Mais um setembro. Mais um ano letivo que começa. As ruas ganham vida com mochilas às costas, os corredores das escolas enchem-se de passos apressados, de sorrisos tímidos e aquele nervosismo nos olhos de quem chega pela primeira vez. E nós, professores, voltamos também. Uns com o entusiasmo de quem quer fazer diferente, outros ainda a carregar o peso do cansaço do ano letivo passado. Mas voltamos todos, porque, afinal, a escola é um compromisso que se renova sempre.
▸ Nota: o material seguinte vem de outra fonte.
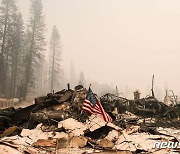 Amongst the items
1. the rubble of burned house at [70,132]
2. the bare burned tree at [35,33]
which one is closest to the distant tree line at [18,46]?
the bare burned tree at [35,33]

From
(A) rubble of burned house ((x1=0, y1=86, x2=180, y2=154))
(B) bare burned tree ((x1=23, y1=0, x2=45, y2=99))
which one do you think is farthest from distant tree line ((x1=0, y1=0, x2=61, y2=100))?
(A) rubble of burned house ((x1=0, y1=86, x2=180, y2=154))

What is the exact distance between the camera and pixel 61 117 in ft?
32.5

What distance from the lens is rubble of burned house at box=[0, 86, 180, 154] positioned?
7.80 metres

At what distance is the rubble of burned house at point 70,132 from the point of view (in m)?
7.80

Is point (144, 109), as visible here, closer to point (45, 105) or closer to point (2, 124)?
point (45, 105)

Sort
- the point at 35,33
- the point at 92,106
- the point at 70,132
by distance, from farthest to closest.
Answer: the point at 35,33, the point at 92,106, the point at 70,132

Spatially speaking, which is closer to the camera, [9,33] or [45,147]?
[45,147]

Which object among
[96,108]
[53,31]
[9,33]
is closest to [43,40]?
[9,33]

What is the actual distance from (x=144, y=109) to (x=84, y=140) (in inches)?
291

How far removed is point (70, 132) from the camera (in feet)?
28.6

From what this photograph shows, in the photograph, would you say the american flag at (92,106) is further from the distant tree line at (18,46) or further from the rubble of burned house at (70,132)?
the distant tree line at (18,46)

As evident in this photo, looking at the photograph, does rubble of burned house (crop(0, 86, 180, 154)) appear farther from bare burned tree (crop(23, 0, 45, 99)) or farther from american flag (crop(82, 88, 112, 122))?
bare burned tree (crop(23, 0, 45, 99))

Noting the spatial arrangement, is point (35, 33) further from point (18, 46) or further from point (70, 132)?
point (70, 132)

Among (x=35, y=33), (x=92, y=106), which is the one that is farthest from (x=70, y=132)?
(x=35, y=33)
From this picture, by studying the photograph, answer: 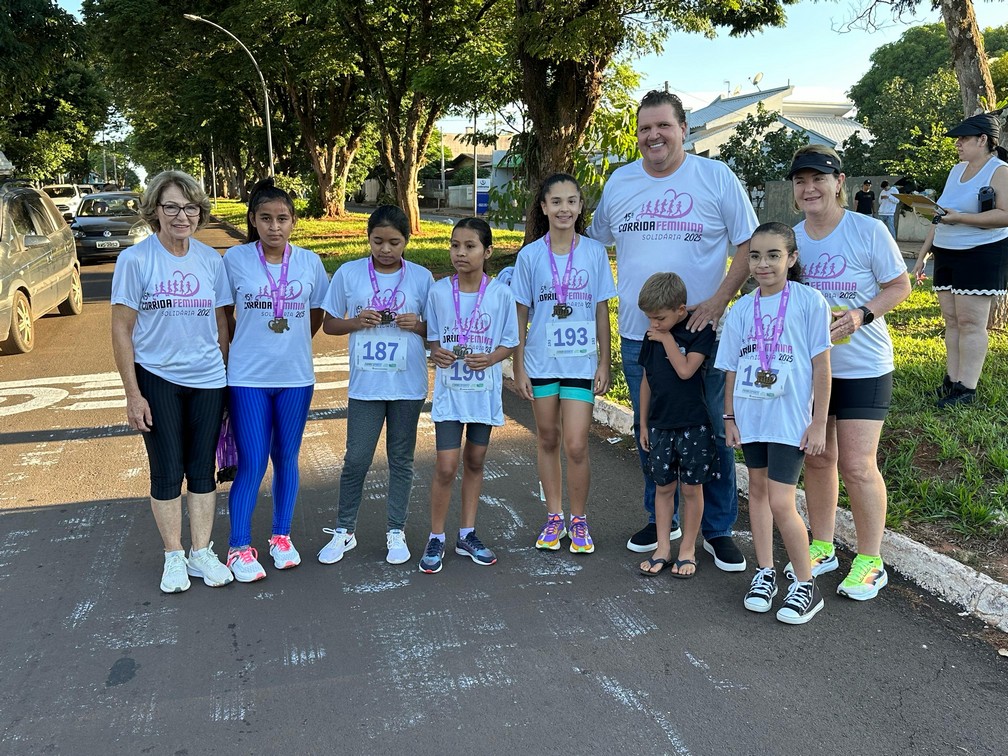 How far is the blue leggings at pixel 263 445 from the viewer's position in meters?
3.96

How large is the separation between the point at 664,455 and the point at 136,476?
11.6 feet

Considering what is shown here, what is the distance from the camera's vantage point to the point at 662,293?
3.80 metres

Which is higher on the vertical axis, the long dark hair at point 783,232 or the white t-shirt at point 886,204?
the white t-shirt at point 886,204

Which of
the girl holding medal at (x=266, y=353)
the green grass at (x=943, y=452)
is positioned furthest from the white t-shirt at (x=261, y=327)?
the green grass at (x=943, y=452)

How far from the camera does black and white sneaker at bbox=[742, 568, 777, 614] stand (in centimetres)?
358

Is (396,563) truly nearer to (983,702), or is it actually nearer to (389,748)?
(389,748)

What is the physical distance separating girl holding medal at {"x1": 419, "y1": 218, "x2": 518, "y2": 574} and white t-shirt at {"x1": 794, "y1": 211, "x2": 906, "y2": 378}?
149 centimetres

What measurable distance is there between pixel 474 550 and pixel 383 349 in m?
1.11

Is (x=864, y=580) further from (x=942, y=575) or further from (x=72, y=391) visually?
(x=72, y=391)

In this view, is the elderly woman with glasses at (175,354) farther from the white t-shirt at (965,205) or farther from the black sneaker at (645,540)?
the white t-shirt at (965,205)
Setembro leva-me, inevitavelmente, in illo tempore, à minha primeira escola. Faz agora cinquenta e três anos que entrei pela porta da única sala de aula da escola primária de Alvite, Cabeceiras de Basto. Lembro-me bem! Ia descalço e de lousa na mão, olhos tímidos e um nó no estômago que nem sabia explicar. A sala, com chão de terra batida, parecia-me enorme onde se juntavam crianças como eu, da primeira à quarta classe. A professora, com a experiência de quem já vira muitos setembros passar, recebeu-nos com firmeza e uma autoridade serena que jamais esqueci. Recordo as carteiras a ranger, o quadro negro com restos de giz branco, o som do ponteiro a bater na secretária, a voz pausada da professora e o respeito quase sagrado que aquele espaço nos impunha. Foi ali, naquele ambiente simples, mas cheio de promessas, que me dei conta de que aprender podia, de facto, mudar tudo. Hoje, como professor, essa memória acompanha-me como norte e também com saudade.
Muita coisa mudou, entretanto, na escola: tecnologias, plataformas digitais, relatórios, avaliações e reuniões que não param, mas há algo que permanece intacto no coração da escola: ela continua a ser um lugar de encontros de pessoas, de ideias, de desafios e de afetos. A escola mantém-se um espaço onde se vai muito para além dos manuais, onde se aprende a estar, a ouvir, a crescer com os outros. É por isso que continuamos a gostar da escola!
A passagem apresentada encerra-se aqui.